P.S. on this: The truly intersexed do not have extra anatomy. Rather, they have a piece of anatomy that is partially or fully developed as the opposite gender of what is expected. You get testicles or ovaries, never both, as they develop from the same tissue. There are other such relationships but I do not recall them off the top of my head. Anyone with both is a chimera.
 
Suppose that someone said that for some reason, they want to redefine words as follows:

R1:

cis green:= green
cis red: = red.

green (new def): something with (99% of green stuff + 1% of red stuff)

red (new def): something similar in reverse.

(and something similar for trans green, etc.)

Moreover, they want to keep saying "green" and "red" in nearly all conversations, and only use "cis green", "cis red", etc. in a very small percentage of cases.

I think even if 99% of the population were to try, the vast majority would fail, and would keep using the words (at least in nearly all cases). A few very smart and rational people would pull it off and change how they regularly use the words, but for the most part, the meaning would stay. And a major obstacle would be that if they were to redefine the words as above, then they would not want to mean "green" and "red" (new defs) anymore, but "cis green" and "cis red", because those are concepts that align reasonably well with human color vision, rather than the new ones.

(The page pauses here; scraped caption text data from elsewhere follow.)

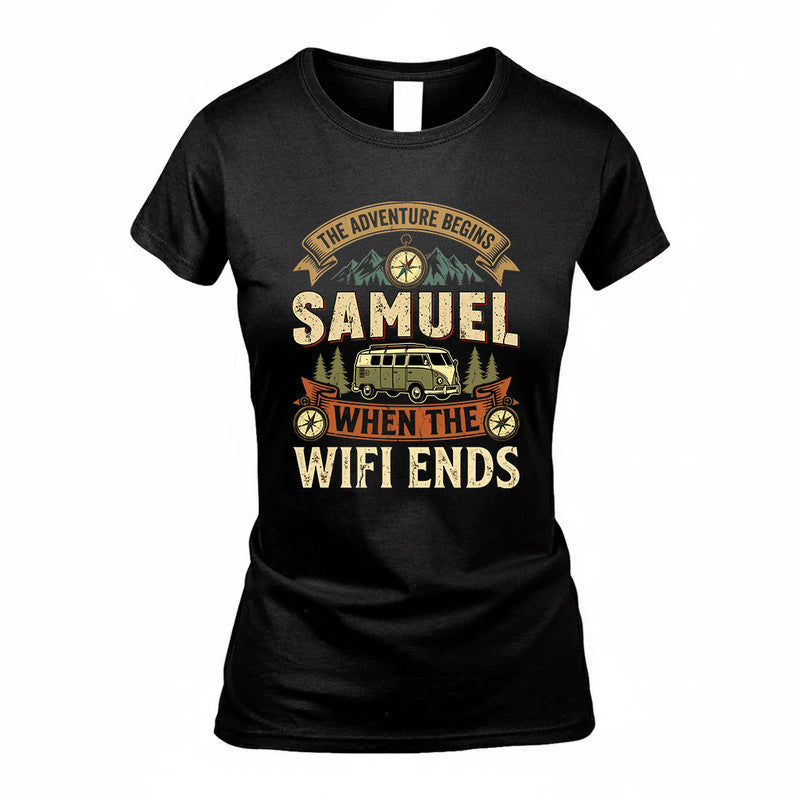 SAMUEL TT898-K6-229 – Personalized Funny Camping Quote Apparel “The Adventure Begins When The WiFi Ends”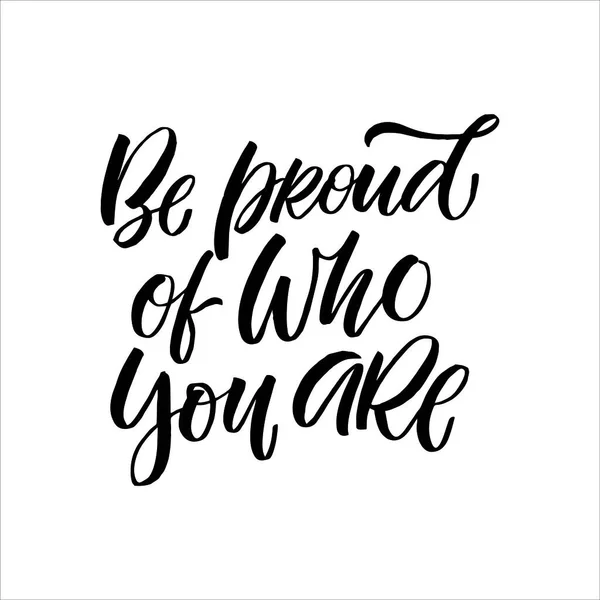 Proud Who You Quote Hand Drawn Vector Lettering Doodle Lifestyle — Stock Vector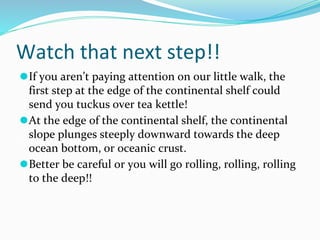 Watch that next step!!
⚫If you aren’t paying attention on our little walk, the
first step at the edge of the continental shelf could
send you tuckus over tea kettle!
⚫At the edge of the continental shelf, the continental
slope plunges steeply downward towards the deep
ocean bottom, or oceanic crust.
⚫Better be careful or you will go rolling, rolling, rolling
to the deep!!
 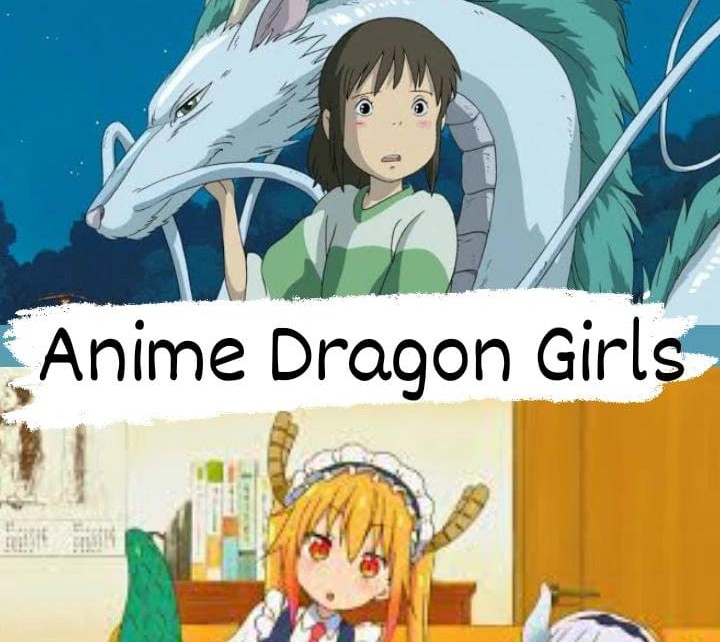 Best Anime Dragon Girls you will love to Watch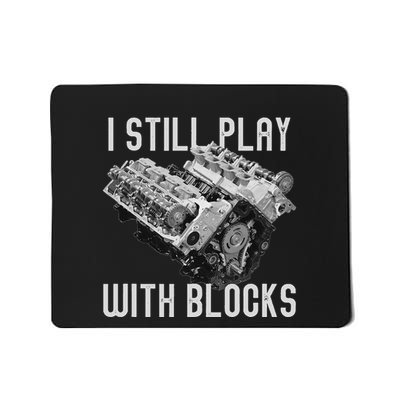 I Still Play With Blocks Racing Maintenance Man Mousepad
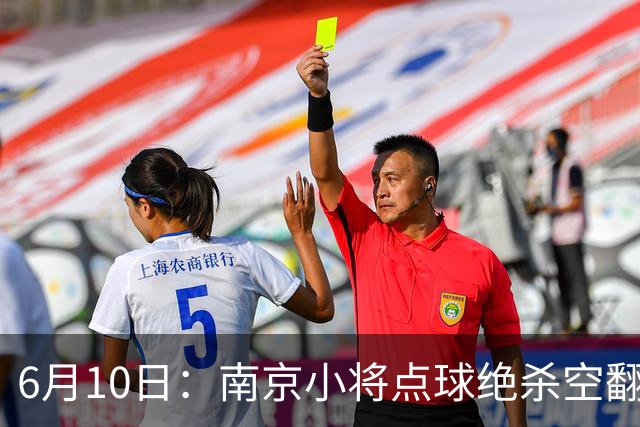 6月10日：南京小将点球绝杀空翻庆祝燃爆全场他真能扛住中国足球的期待么？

Lets try a variation on this idea.

The vast majority of objects are either 255,0,0 or 0,255,0. We call the former red and the latter green.

However there are other possibilities. We have x,0,0 and 0,x,0 objects for x >= 0 and x < 255. These are treated as flawed versions of red and green. (An example being the woman mentioned above who will not go through puberty without hormone replacement.)

But there are also those who are x,255-x,0. They are rare but they do exist. Most are close to red or green and are generally classified as the primary color, but some are closer to the middle and are harder to define. These are the intersexed.

The real problem is that in addition to the obvious anatomy there's a mental wiring for red or green and it is far more common for this mental wiring to deviate from the 255,0,0 vs 0,255,0 dichotomy. These are the transgendered.